Have you ever thought of speeding up your data analysis in pandas with a compiler?

By Sourav Saha | Monday, July 01, 2024

In general, a Data Scientist spends significant efforts in transforming the raw data into a more digestible format before training an AI model or creating visualizations. Traditional tools such as pandas have long been the linchpin in this process, offering powerful capabilities but not without limitations.

With the pitfall of its single-core implementation and inefficient data structures, often we face performance issues when dealing with pandas for relatively larger data, but its performance is also highly impacted by the choice of APIs, their parameters and execution orders. Sometime an efficient writing of a pandas application can itself make it 10-20x faster.

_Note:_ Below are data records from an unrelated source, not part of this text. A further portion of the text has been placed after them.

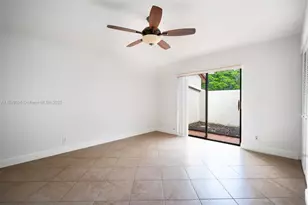 354 Lakeside Ct, Sunrise, FL 33326 - Photo 19
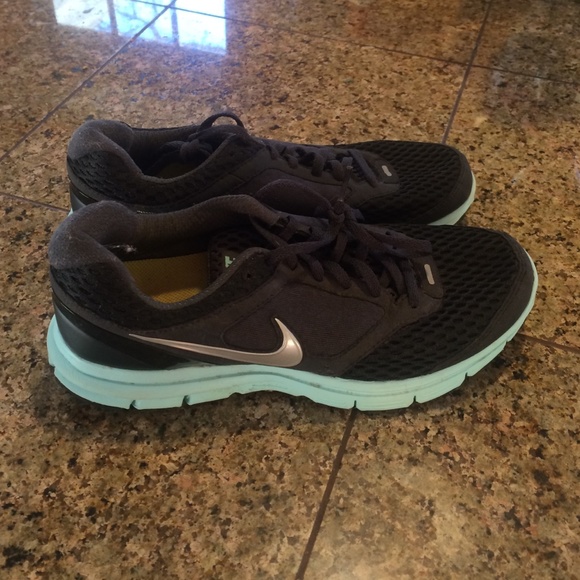 Nike lunarlon black and blue running shoes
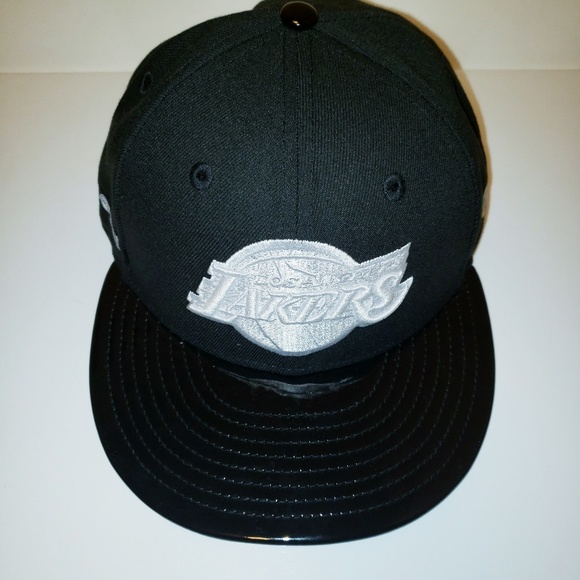 NBA LA Lakers hat cap (size 7 1/4) - Picture 2 of 8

In this article, I will discuss a few commonly used examples picked up from some pandas applications.

:notebook: Example 01

df = pd.DataFrame()
s = pd.Series(["2020-10-10", "2021-11-20", "2022-08-03", "2023-07-04"])
df["year"] = pd.to_datetime(s).dt.year
df["month"] = pd.to_datetime(s).dt.month
df["day"] = pd.to_datetime(s).dt.day

We can clearly identify the major issue with the above code is using the expression, pd.to_datetime(s) three times. The purpose is to extract the year, month and day fields from the series data (s) of type “datetime64[ns]”. The method to_datetime() attempts to parse the input string column in order to convert it to a datetime column (along with inferring the format if not specified). Such parsing itself is very expensive when performed on a large data and if the same expression on the same input is written more than one time, its very obvious that the program will experience a significant performance issue.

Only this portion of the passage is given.